The much maligned and much feared end-to-end encryption can indeed be problematic for law enforcement, but is not an impossible obstacle. Calls to ban it or provide “backdoor” saccess to law enforcemen,t is a conundrum without a simple solution, and will invariably revive the long- running debate as to when security should prevail over privacy. The matter is further complicated by the fact that it is not necessarily especially difficult, secret, or exclusive encryption used by terrorists claimed to be at the core of the horrific assault.
Some of the most powerful technologies are free, easily available encryption apps, with names like Signal, Wicker and Telegram, which encode mobile messages from cellphones. ISIS militants used one such app, Telegram, two weeks ago, in claiming responsibility for the downing of the Russian jet in Egypt that killed 224 people. They used it again last week, in Arabic, English and French, to broadcast responsibility for the Paris massacre.
But much information is still easily and readily available and useable by police. For example, it has just been learned that the ringleader of the attack, Abdelhamid Abaaoud, was tracked to, and reportedly ultimately killed using information gleaned from a cellphone found in a trash bin near one of the attack sites.
In the US, national security officials are playing coy about their abilities to break ISIS encryption, while acknowledging that they’ve used a range of encryption-breaking technologies over the past two years. But the fact that the Obama administration had given up on legislation compelling the tech companies to provide encryption keys to law enforcement may be telling. It has led many experts to believe that the NSA may be able to pierce some of the terrorist’s encryptio,n but are naturally reluctant to disclose specifics lest their advantage evaporates. Paris may change the dynamic, however.
But before one makes the knee-jerk assumption that it was impenetrable encryption that allowed the planning to fester, and ultimately resulted in the carnage, one must sift carefully through the per-attack evidence. Obama, in abandoning the fight for backdoors, rejected the argument of FBI director, James Comey, that the United States should require any company that provides encrypted software and hardware to engineer a way for the government, armed with a court order, to get access.
For the tech companies, this is a thorny issue that is fraught with peril for thier businesses. The natural, patriotic, inclination is to help out law enforcement where possible. However, to this they risk undercutting, as Apple’s Tim Cook opined, customers’ confidence that the most precious data they keep in their phones is safe from everyday cyber criminals, as well as sophisticated nation states that could gain access to keys via hacking, or lawfully through court order. Mr. Cook asserts that investigators have ways to obtain crucial clues from the available metadata about who is talking to whom by phone, from information in the Internet, cloud or, security experts have said, by hacking a target’s device.
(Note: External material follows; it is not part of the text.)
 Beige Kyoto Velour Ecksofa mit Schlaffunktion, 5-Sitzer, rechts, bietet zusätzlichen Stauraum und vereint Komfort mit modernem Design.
The tech companies’ position seems to be supported by a study the White House sanctioned before shrinking from the encryption debate. The Obama administration reluctantly adopted a view put forth by 14 of the world’s top cryptographers and computer security experts. They wrote, in a white paper, that weakening the encryption of American technology sold by companies like Apple, Google and Facebook would only render confidential data and critical infrastructure more vulnerable to criminals and national adversaries, and push terrorists to adopt encrypted services sold overseas.
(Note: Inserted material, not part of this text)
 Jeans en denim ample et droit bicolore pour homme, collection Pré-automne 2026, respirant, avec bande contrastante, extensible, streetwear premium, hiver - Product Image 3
Also, security experts assert that even when strongt encryption ius used a trail of metadata is left behind, which can yield valuable, actionable information about who is talking to whom and the when and the where of the communication. As Matt Blaze, a computer security expert at the University of Pennsylvania, notes,
“Encryption is really good at making it difficult to hide the content of communications, but not good at hiding the presence of communications. All the encryption in the world doesn’t help if the end point that holds the keys are compromised. So this idea that encryption make terrorists’ communications go completely dark has a pretty big asterisk next to it.”
Of course, proponents of tech companies caving in on the encryption issue will not be dissuaded by such arguments. So the defenders of privacy must be equally resolute regarding their position. This, after all, is how true democracy operates thrives, and will endure, even under the strain of aberrant attacks.